01 - In a large bowl, whisk together sweetened condensed milk, Greek yogurt, fresh key lime juice, lime zest, vanilla extract, and a pinch of salt until fully blended.
02 - In a separate chilled bowl, beat cold heavy cream with an electric mixer until stiff peaks form.
03 - Gently fold whipped cream into the lime mixture until smooth and incorporated. Line a 9x9-inch pan with parchment paper, pour the ice cream mixture in, smooth the top, and freeze at least 4 hours or until firm.
04 - Preheat oven to 350°F. Line a baking sheet with parchment paper.
05 - In a bowl, stir together graham cracker crumbs, all-purpose flour, baking powder, and salt until well combined.
06 - In another bowl, beat unsalted butter and brown sugar until light and fluffy. Beat in egg and vanilla extract until blended.

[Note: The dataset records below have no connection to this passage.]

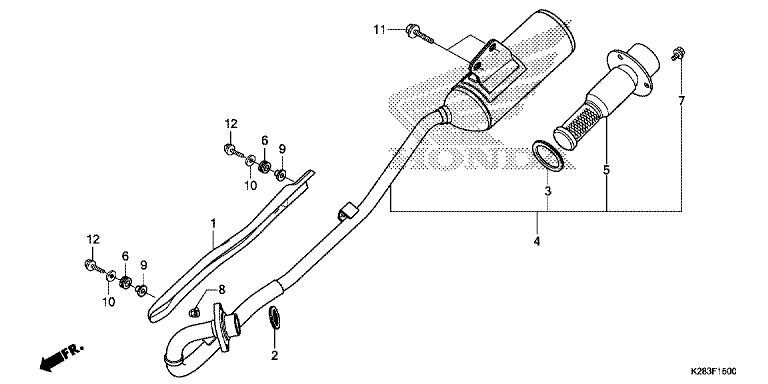 EXHAUST MUFFLER (CRF125F/FB E/H/J)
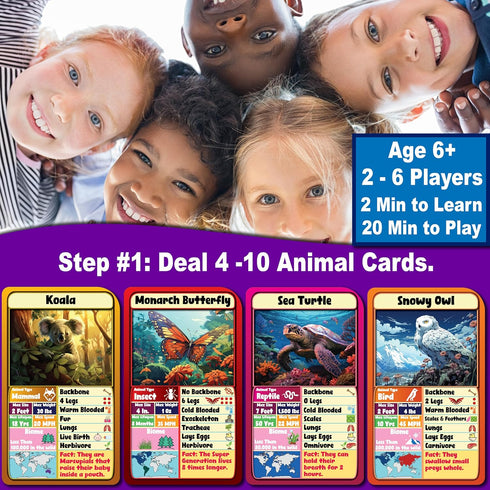 THINK2MASTER Animal Kingdom Info Quest Educational Card Game - Fun Learning for Kids, 2-12 Players, Age 6+, Classroom,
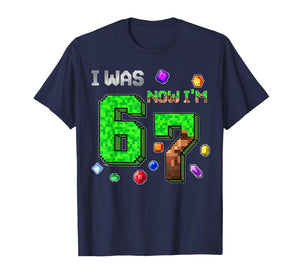 I was 6 Now I'm 7 Year Old 7th Birthday Boy Pixel Block T-Shirt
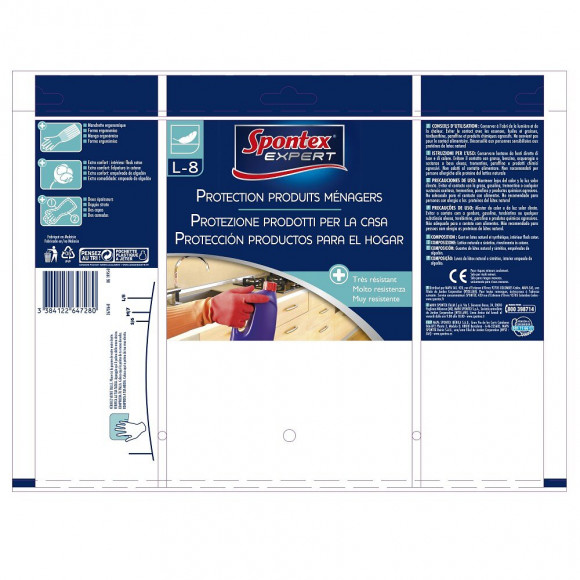 Gants De Protection Produits Ménagers Spontex Expert, Taille L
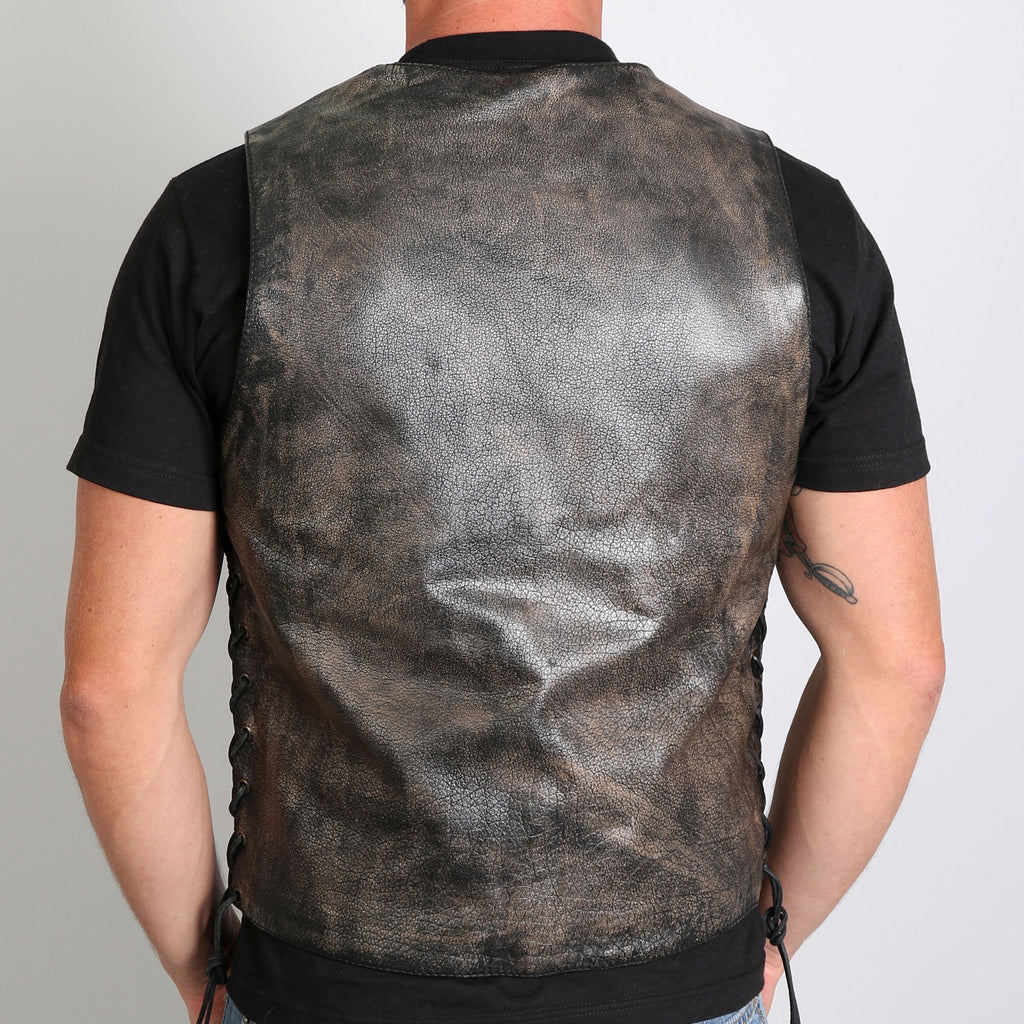 Hot Leathers VSM1029 Men's Distressed Brown Motorcycle 10 Pocket 'Conceal and Carry' Leather Biker Vest
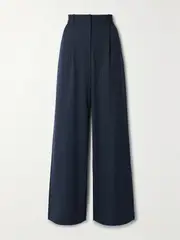 [Veronica Beard] Veronica Beard - Heyser Pleated Metallic Pinstriped Twill Wide-leg Pants - Navy - US12 US 12 Blue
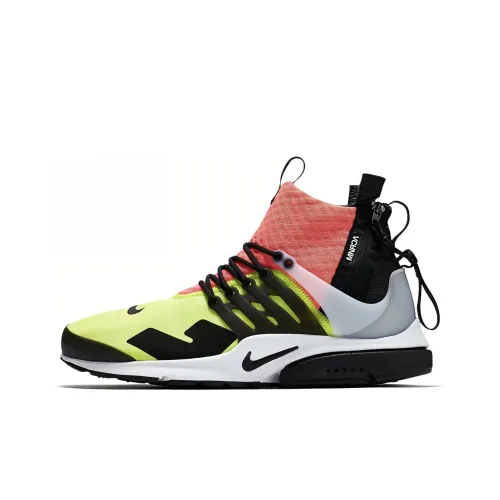 ACRONYM x Nike Air Presto MID 'Многоцветный' Нескользящий Легкий MID Топ Повседневная обувь Унисекс Черный Желтый Розовый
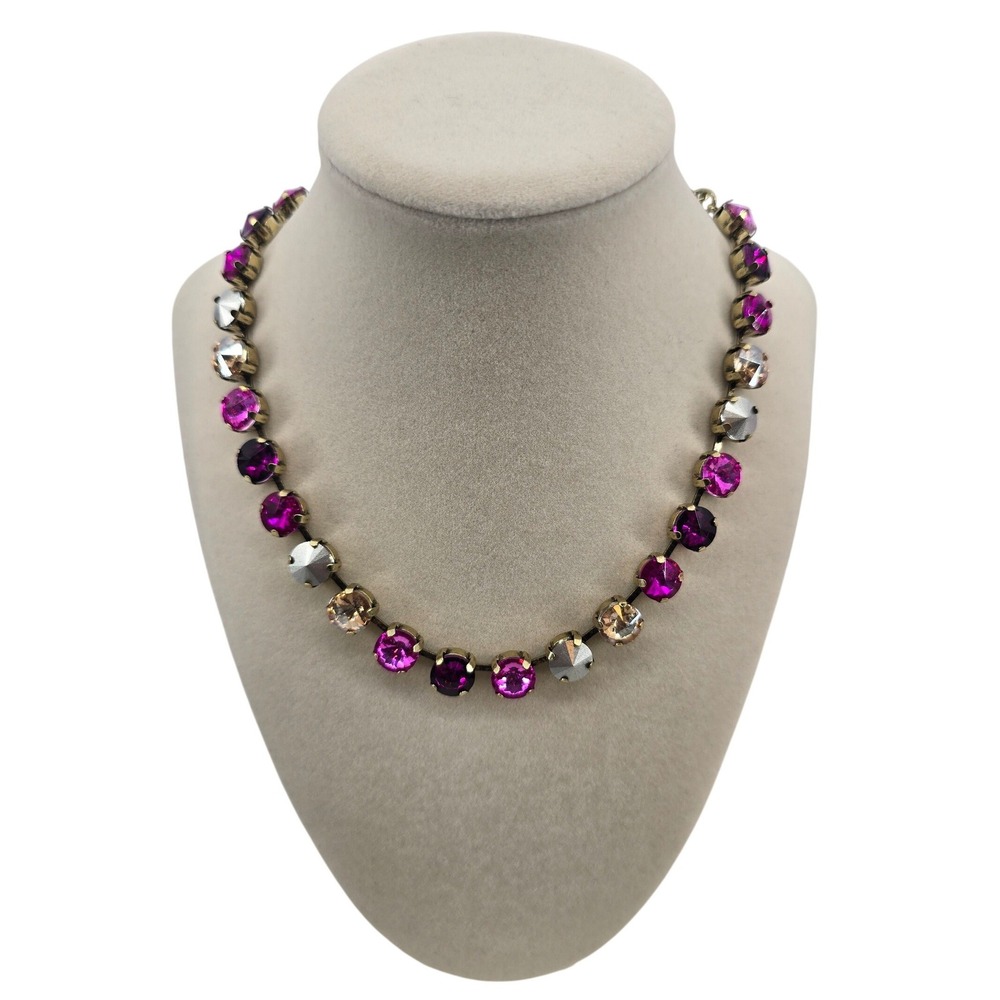 Necklace Womens OS Riviera Crystal Pink Purple Gold Key Charm EUC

07 - Gradually stir dry ingredients into wet ingredients just until incorporated. Scoop 16 tablespoon-sized mounds onto the prepared baking sheet and flatten slightly.
08 - Bake cookies for 8 to 10 minutes or until golden brown. Allow to cool completely on a rack.
09 - Once ice cream is solid, remove from pan and use a round cookie cutter matching the cookie size to cut 8 discs.
10 - Place one ice cream disc between two graham cracker cookies. Serve immediately or wrap sandwiches individually and freeze until serving.